A comment I made on social media last year about why MIRI cares about making progress on decision theory:


We aren’t working on decision theory in order to make sure that AGI systems are decision-theoretic, whatever that would involve. We’re working on decision theory because there’s a cluster of confusing issues here (e.g., counterfactuals, updatelessness, coordination) that represent a lot of holes or anomalies in our current best understanding of what high-quality reasoning is and how it works.

As an analogy: it might be possible to build a probabilistic reasoner without having a working understanding of classical probability theory, through sufficient trial and error. (Evolution “built” humans without understanding probability theory.) But you’d fundamentally be flying blind when it comes to designing the system — to a large extent, you couldn’t predict in advance which classes of design were likely to be most promising to consider, couldn’t look at particular proposed designs and make good advance predictions about safety/​capability properties of the corresponding system, couldn’t identify and address the root causes of problems that crop up, etc.

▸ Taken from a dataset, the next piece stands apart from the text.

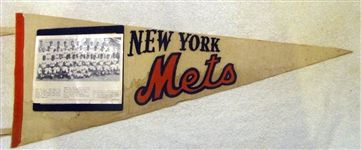 1963 NY Mets (2nd Year) Polo Grounds Team Picture Pennant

The idea behind looking at (e.g.) counterfactual reasoning is that counterfactual reasoning is central to what we’re talking about when we talk about “AGI,” and going into the development process without a decent understanding of what counterfactual reasoning is and how it works means you’ll to a significantly greater extent be flying blind when it comes to designing, inspecting, repairing, etc. your system. The goal is to be able to put AGI developers in a position where they can make advance plans and predictions, shoot for narrow design targets, and understand what they’re doing well enough to avoid the kinds of kludgey, opaque, non-modular, etc. approaches that aren’t really compatible with how secure or robust software is developed.

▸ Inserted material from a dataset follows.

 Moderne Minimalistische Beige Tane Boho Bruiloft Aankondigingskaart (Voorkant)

Nate’s way of articulating it:

The reason why I care about logical uncertainty and decision theory problems is something more like this: The whole AI problem can be thought of as a particular logical uncertainty problem, namely, the problem of taking a certain function f : QR and finding an input that makes the output large. To see this, let f be the function that takes the AI agent’s next action (encoded in Q) and determines how “good” the universe is if the agent takes that action. The reason we need a principled theory of logical uncertainty is so that we can do function optimization, and the reason we need a principled decision theory is so we can pick the right version of the “if the AI system takes that action...” function.

The work you use to get to AGI presumably won’t look like probability theory, but it’s still the case that you’re building a system to do probabilistic reasoning, and understanding what probabilistic reasoning is is likely to be very valuable for doing that without relying on brute force and trial-and-error. Similarly, the work that goes into figuring out how to design a rocket, actually building one, etc. doesn’t look very much like the work that goes into figuring out that there’s a universal force of gravity that operates by an inverse square law; but you’ll have a vastly easier time approaching the rocket-building problem with foresight and an understanding of what you’re doing if you have a mental model of gravitation already in hand.

In pretty much the same way, developing an understanding of roughly what counterfactuals are and how they work won’t get you to AGI, and the work of implementing an AGI design won’t look like decision theory, but you want to have in mind an understanding of what “AGI-style reasoning” is (including “what probabilistic reasoning about empirical propositions is” but also “what counterfactual reasoning is”, “what probabilistic reasoning about mathematical propositions is”, etc.), and very roughly how/​why it works, before you start making effectively irreversible design decisions.


Eliezer adds:

I do also remark that there are multiple fixpoints in decision theory. CDT does not evolve into FDT but into a weirder system Son-of-CDT. So, as with utility functions, there are bits we want that the AI does not necessarily generate from self-improvement or local competence gains.